### How to complete this task
This exercise calls for the line with "James Dillon Mens", the line with "gyula oszkocsil business card", and all lines between them in the material below, output exactly and with no other lines.

Excerpted data START

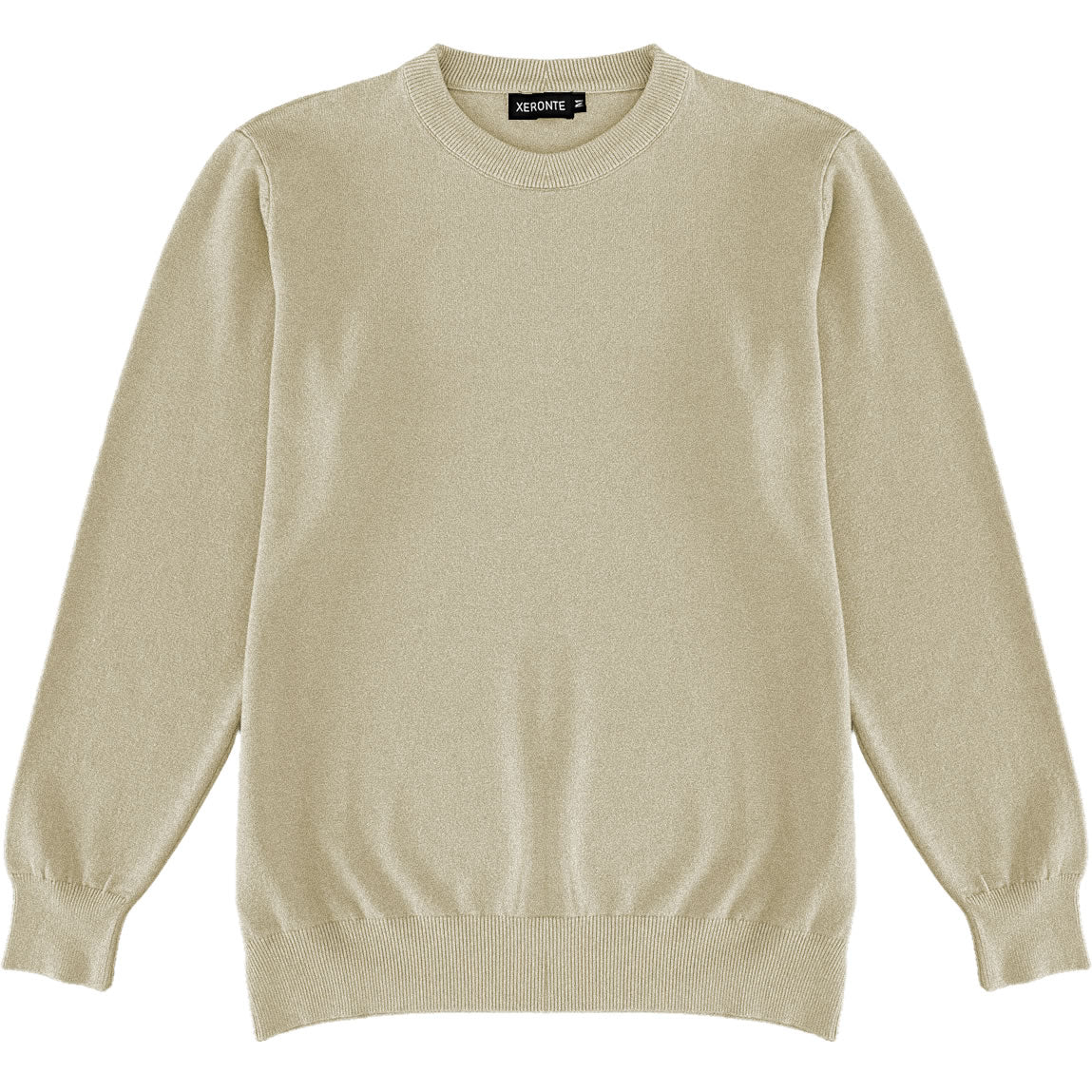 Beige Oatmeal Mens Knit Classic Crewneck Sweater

Excerpted data END
Excerpted data START

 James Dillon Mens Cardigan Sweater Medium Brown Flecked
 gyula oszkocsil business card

Excerpted data END

### Answer box
 James Dillon Mens Cardigan Sweater Medium Brown Flecked
 gyula oszkocsil business card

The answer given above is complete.